There are three, interconnected aspects of my research program. Broadly speaking, I am interested in:
1). examining the characteristics associated with successful biodiversity conservation programs and understanding how sustainable common pool resource management institutions emerge, evolve, and spread. This work draws explicitly on theories of collective action, new institutional economics, and evolutionary theories of cooperation. I have conducted systematic literature reviews and empirical research in Bhutan related to this interest area.
The most recent component of this work is an emerging research program that uses cultural evolutionary theory to understand sustainable social-ecological systems. See the working group I lead with Tim Waring from the University of Maine at SESYNC (National Socio-Environmental Synthesis Center):
The special issue that emerged from this working group is in the journal Sustainability Science and it can be found here.

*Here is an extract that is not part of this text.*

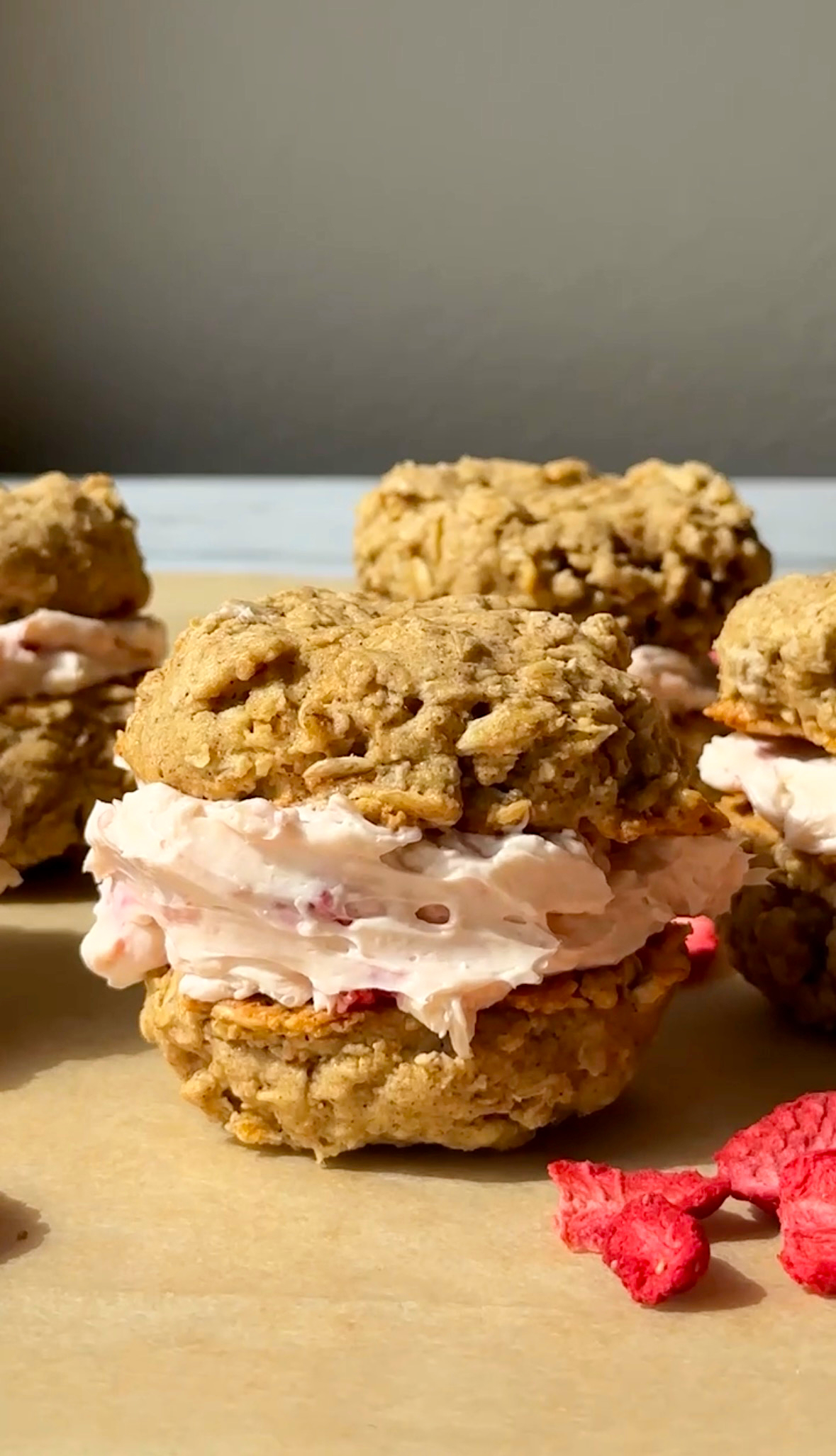 Fluffy and soft oatmeal cookies with a strawberry cream cheese filling.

2). exploring the social, cultural, and economic dynamics that influence the adoption of pro-environmental/ conservation behaviors, environmental attitudes, and sustainable consumption, and the mechanisms by which such (often cooperative) behaviors and attitudes spread. My goal is to understand how social forces and socio-cultural dynamics facilitate or hinder the adoption of conservation behaviors and more sustainable forms of consumption and in turn how these forces are shaped by individual behaviors and perceptions. By defining “conservation” as behavior that entails short-term, individual costs for the provision of future, group benefits, I can apply similar theoretical frameworks to study resource use behaviors in Bhutan and sustainable consumption patterns in the U.S. Drawing more explicitly from social psychology, costly signaling theory, and cultural evolution, this work has explored:
- The degree to which personal economic conditions, local environmental conditions, and broader social norms affect the adoption of natural resource use and environmental attitudes in Bhutan
- How economic development and modernization affect social norms, resource use behaviors, and environmental attitudes in communities in Bhutan
- The degree to which the pursuit of status facilitates or inhibits sustainable consumption and whether this varies among social groups
3). Investigating the synergies and tradeoffs among sustainable consumption, ecological footprints and well-being. My exposure to Bhutan’s sustainable development approach (Gross National Happiness) shaped this third track of my research program. Here I have focused primarily on communities in Ohio to study which forms of more sustainable consumption enhance components of well-being and which forms may detract from well-being.